Le tribunal de grande instance de la commune IV du District de Bamako a ouvert son audience du 24 novembre 2020 avec l’affaire Boubacar Sidiki Samaké contre deux Directeurs de Publication et un Rédacteur en chef, qui avaient comme conseiller Me Cheick Oumar Konaré.
Avant tout débat au fond comme exigé par la procédure, Me Konaré a soulevé plusieurs exceptions aux fins d’annulation de la procédure.
Selon Me Konaré, l’article 61 de la loi de presse et de délit de presse dit que la citation directe doit être notifiée tant au parquet qu’au prévenu. « Or dans les dossiers que j’ai à ma possession, il apparait que le parquet n’a pas été cité. Ce qui veut dire, qu’il a une violation manifeste des droits de la défense de mes clients. Le procès doit être contradictoire. Pour cela toutes les parties doivent avoir à leur disposition les mêmes documents. Alors, je demande, Monsieur Le Président, que la procédure soit annulée avant tout débat au fond», a plaidé Me Konaré.

Violation de l’article 51 de la loi de presse et de délit de presse
Par ailleurs, il a aussi attiré l’attention du tribunal sur une autre violation de la procédure spéciale des délits de presse.

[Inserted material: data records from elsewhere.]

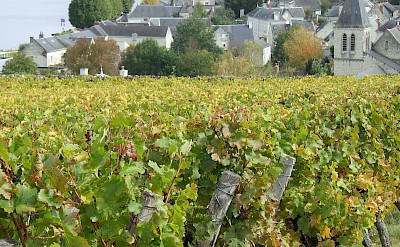 Vineyards along the Loire River. Photo via TO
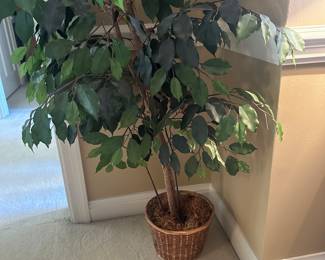 $45.00 - Decorative Ficus Tree In Woven Basket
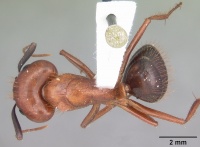 Camponotus floridanus casent0103672 dorsal 1.jpg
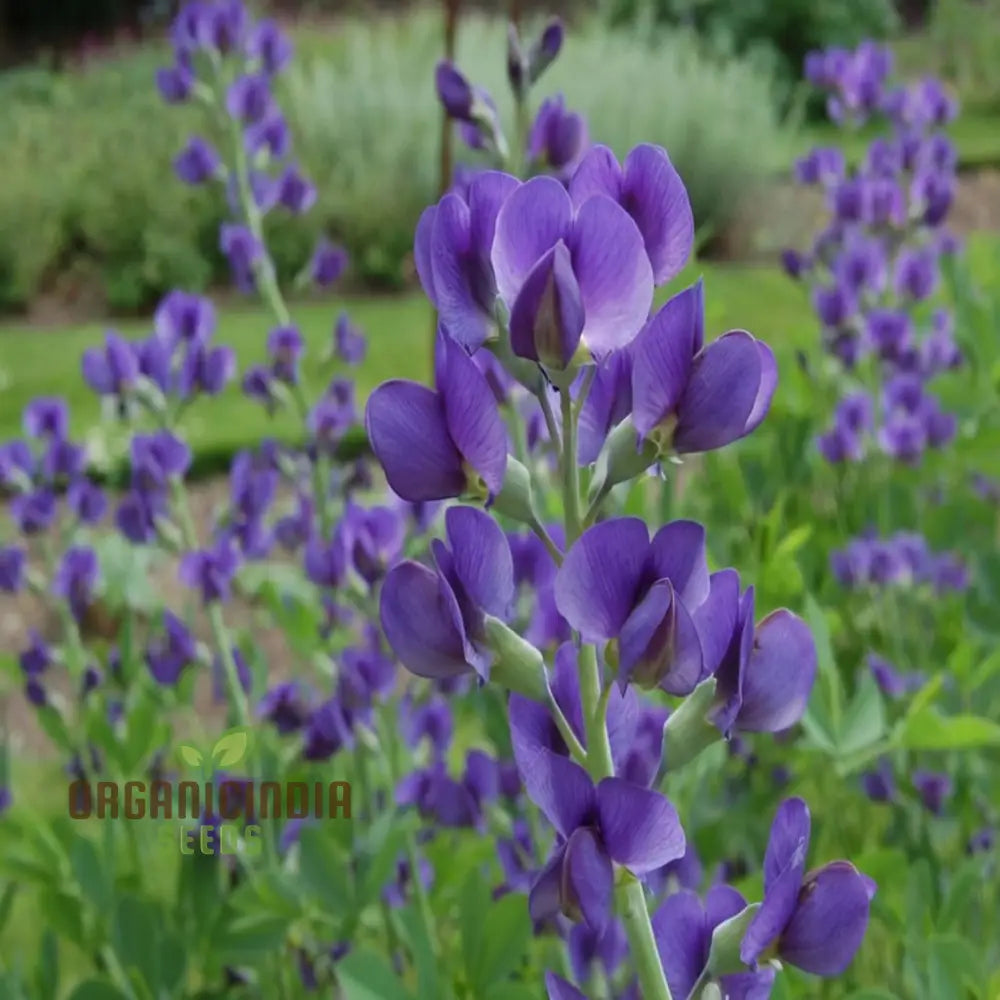 Blue False Indigo Flower Seeds Native Perennial Beauty Easy-To-Growing Captivating And Sustainable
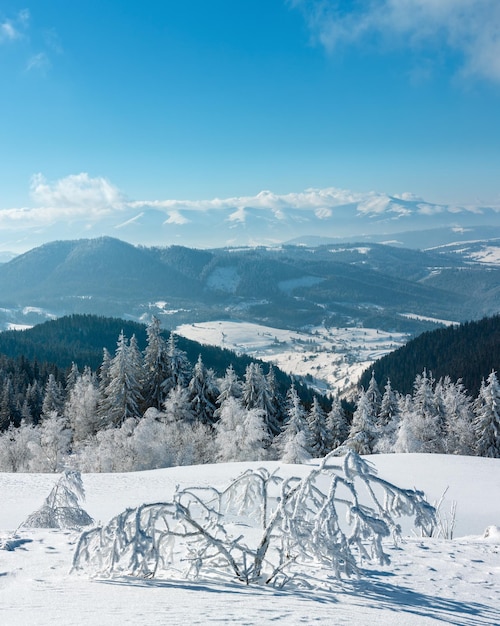 Paisagem de neve de montanha de inverno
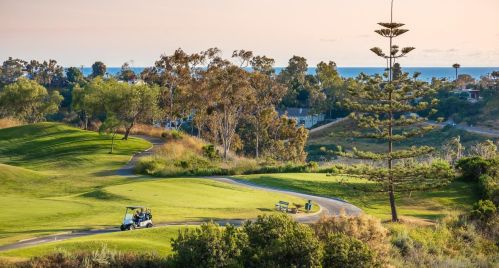 1355 Ravean Ct, Encinitas CA  92024-6204 exterior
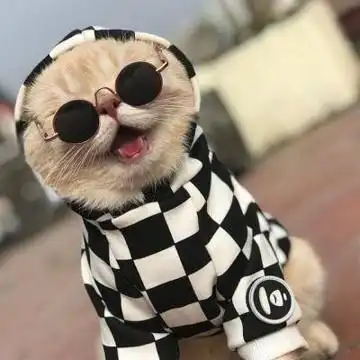 高清霸气真实雄狮头像,动物头像图片-回车桌面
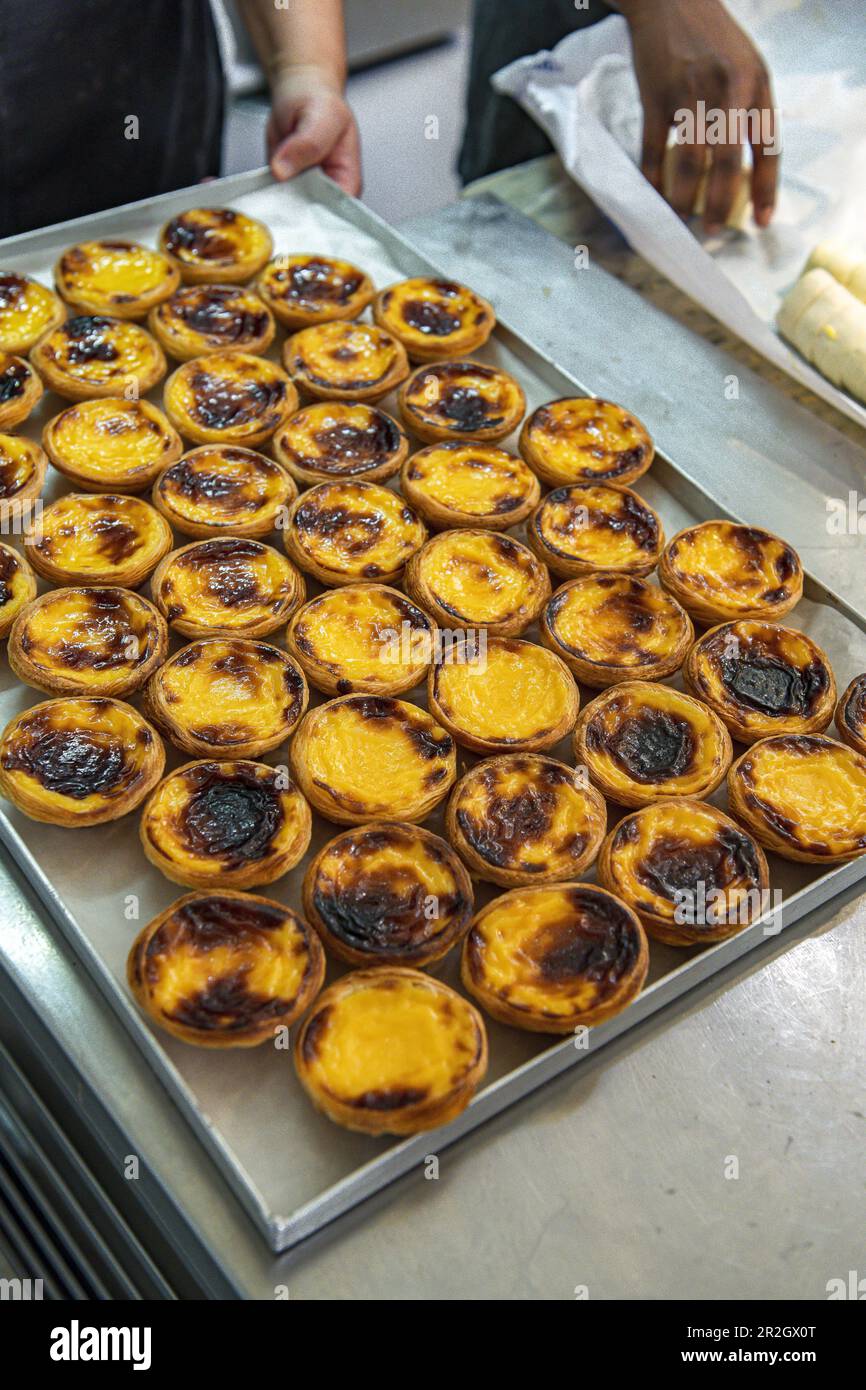 The making of Pasteis de Nata, Portuguese egg custard tarts Stock Photo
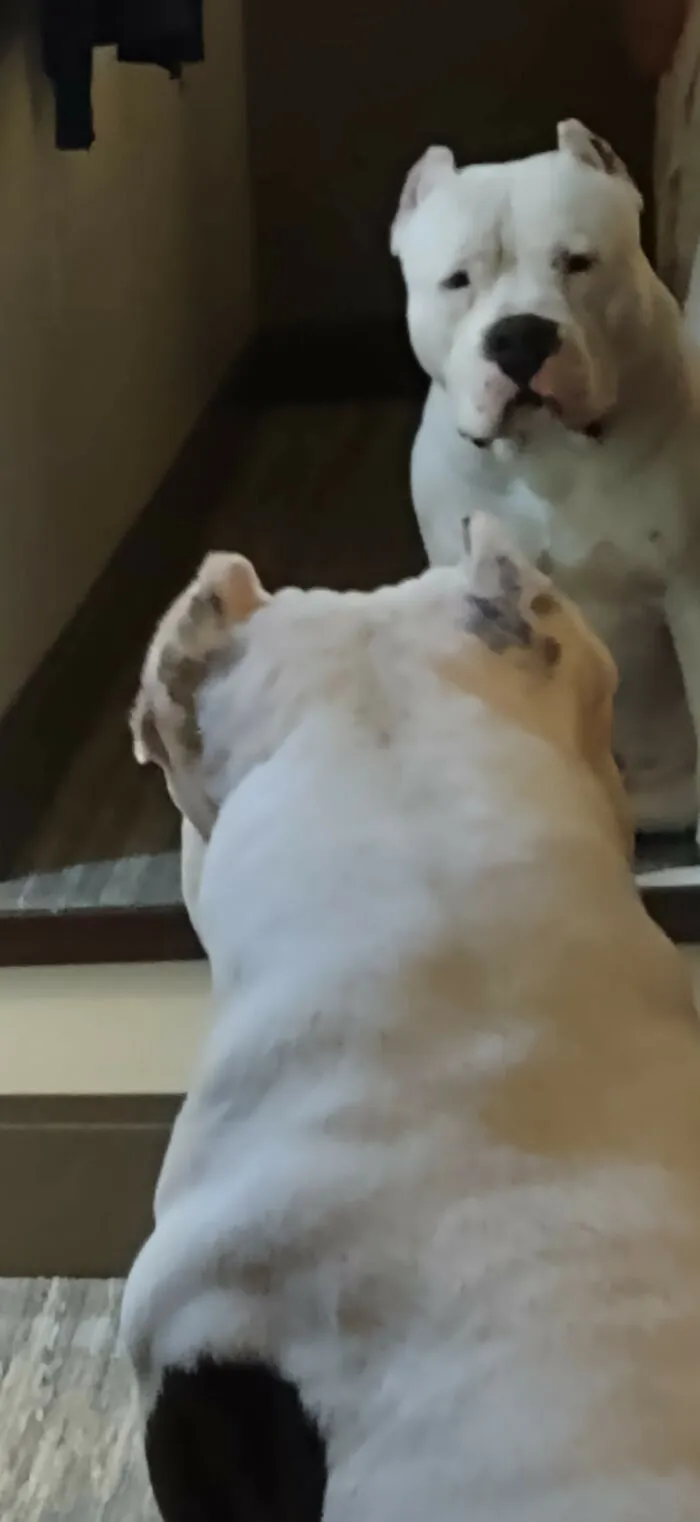 Look Mom, Isn't He Handsome?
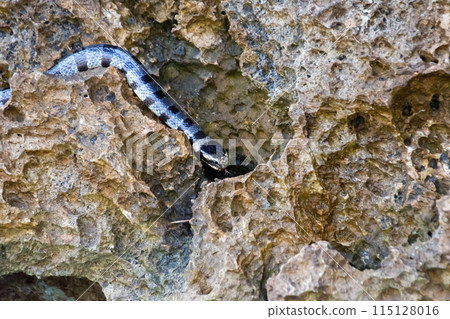 Poisonous sea snake krait on the stones near the sea 115128016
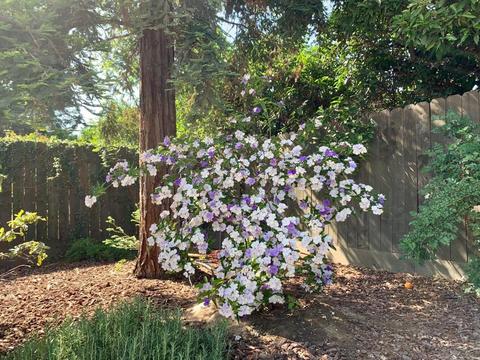 347 Old Line Ave, Exeter, CA 93221 photo 55
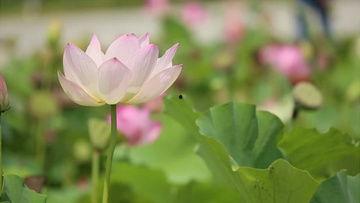 荷花最近爆料视频播放,揭秘幕后故事,精彩瞬间回顾 第2张 荷花最近爆料视频播放,揭秘幕后故事,精彩瞬间回顾 第2张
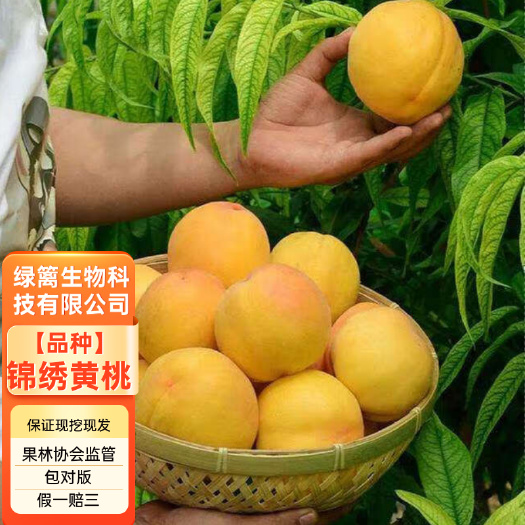 平邑县嫁接锦绣黄桃苗 黄金桃树苗 签约保真基地直销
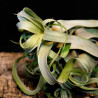 Tillandsia Streptophylla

A l’en croire, l’article 51 de la loi de presse et de délit de presse stipule que le Directeur de Publication est poursuivi en cas dé délit de presse et l’auteur de l’article incriminé comme son complice. Il développe qu’on ne peut citer le Rédacteur chef sans citer le Directeur de publication. Pour avoir cité seulement le Rédacteur en chef en présence de son Directeur de Publication, il a demandé au tribunal de prononcer la nullité de la procédure pour défaut de citation du Directeur de Publication. Car parmi les trois prévenus, il y avait un Rédacteur en Chef.

Par rapport à la notification de la citation de ce dernier, l’avocat de la défense a informé le tribunal que sa citation n’a ni été faite à personne, ni à domicile, ni à parquet, ni à maire.
A l’en croire, la notification a été faite à bureau au prévenu Rédacteur Chef. « Ce qui n’est pas prévu par la loi », a plaidé l’avocat.
L’affaire a été mise en délibéré et le jugement sera rendu le 5 janvier 2021.